I'm working through some coding challenges learning Elixir and came across one to translate English into Pig Latin on Wikipedia.

I started working out regex for different rules and realized doing it all in one shouldn't be that difficult. After playing with it a little I've arrived at the following to match and convert a single word at a time.

Elixir is supposed to use PCRE compatible regex but I haven't been able to figure out a way to get \u one character to upper and \L All characters to lower to work in elixir string replacement.
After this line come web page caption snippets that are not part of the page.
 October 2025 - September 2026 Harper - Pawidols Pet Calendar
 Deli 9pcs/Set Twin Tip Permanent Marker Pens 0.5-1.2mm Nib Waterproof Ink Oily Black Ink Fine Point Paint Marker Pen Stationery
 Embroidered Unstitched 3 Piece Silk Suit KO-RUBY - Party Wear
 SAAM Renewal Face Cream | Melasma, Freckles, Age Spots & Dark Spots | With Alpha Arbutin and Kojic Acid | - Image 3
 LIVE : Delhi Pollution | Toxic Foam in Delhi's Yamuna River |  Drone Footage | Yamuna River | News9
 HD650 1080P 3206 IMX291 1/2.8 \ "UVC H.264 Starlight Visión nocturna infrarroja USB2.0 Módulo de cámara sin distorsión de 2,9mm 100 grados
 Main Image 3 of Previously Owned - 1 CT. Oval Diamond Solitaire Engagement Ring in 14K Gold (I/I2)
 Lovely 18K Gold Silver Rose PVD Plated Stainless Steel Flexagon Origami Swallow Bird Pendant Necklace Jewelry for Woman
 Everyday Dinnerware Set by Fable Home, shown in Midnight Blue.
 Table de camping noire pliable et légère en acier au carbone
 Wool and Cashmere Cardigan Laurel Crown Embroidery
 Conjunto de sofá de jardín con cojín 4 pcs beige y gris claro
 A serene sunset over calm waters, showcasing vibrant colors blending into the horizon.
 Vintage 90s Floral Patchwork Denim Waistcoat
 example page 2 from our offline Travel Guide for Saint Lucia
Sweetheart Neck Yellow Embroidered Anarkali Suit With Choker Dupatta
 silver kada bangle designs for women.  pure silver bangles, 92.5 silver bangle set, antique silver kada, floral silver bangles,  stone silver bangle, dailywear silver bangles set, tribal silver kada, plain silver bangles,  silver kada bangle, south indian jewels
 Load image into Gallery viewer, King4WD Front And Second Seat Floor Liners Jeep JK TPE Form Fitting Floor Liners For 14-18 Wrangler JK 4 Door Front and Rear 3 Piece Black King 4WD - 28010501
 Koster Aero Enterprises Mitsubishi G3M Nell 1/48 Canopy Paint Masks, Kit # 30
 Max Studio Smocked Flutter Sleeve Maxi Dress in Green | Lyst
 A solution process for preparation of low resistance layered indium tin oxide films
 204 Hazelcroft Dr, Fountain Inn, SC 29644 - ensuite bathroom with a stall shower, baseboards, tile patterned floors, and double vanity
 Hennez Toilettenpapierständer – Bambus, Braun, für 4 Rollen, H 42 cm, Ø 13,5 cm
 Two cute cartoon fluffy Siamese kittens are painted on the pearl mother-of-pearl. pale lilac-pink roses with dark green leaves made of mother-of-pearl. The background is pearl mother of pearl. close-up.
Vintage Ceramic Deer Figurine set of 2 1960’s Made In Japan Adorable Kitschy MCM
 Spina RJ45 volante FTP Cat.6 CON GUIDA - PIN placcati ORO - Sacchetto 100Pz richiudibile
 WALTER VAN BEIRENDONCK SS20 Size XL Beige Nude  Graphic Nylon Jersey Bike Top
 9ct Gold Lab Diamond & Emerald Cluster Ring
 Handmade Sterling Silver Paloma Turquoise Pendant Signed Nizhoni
I've tried several variations of working those into the replacement string but am completely failing to find a way that works.

Is there a way using pure Regex in elixir String.replace it do I need to just handle the rest in regular code?

iex(21)> regex = ~r/(^(?:[aeiouAEIOU]|[XYxy][^aeiouy])(?:.*))|(?:^([A-Z][^aeiou]*(?:u)?)([aeiouy].*))|(?:^([^aeiou]*(?:u)?)([aeiouy].*))/
~r/(^(?:[aeiouAEIOU]|[XYxy][^aeiouy])(?:.*))|(?:^([A-Z][^aeiou]*(?:u)?)([aeiouy].*))|(?:^([^aeiou]*(?:u)?)([aeiouy].*))/
iex(22)> String.replace("Squirl", regex, "\\1\\u\\3\\L2\\5\\4ay")
"\\uirl\\L2ay"
iex(23)> String.replace("Squirl", regex, "\\1\\3\\2\\5\\4ay")
"irlSquay"

Original question below:

One note the challenge I'm completely says words that start with a vowel just append 'ay' to the end. Some other instructions say "way" or "yay"

Powershell version:

[Regex]$reg = '(^(?:[aeiou]|[xy][^aeiouy])(?:.*))|(?:^([^aeiou]*(?:u)?)([aeiouy].*))'
'powershell' -replace $reg, ('$1$3$2' + 'ay')

Elixir version:

regex = ~r/(^(?:[aeiou]|[xy][^aeiouy])(?:.*))|(?:^([^aeiou]*(?:u)?)([aeiouy].*))/i
String.replace("elixir", regex, "\\1\\3\\2ay")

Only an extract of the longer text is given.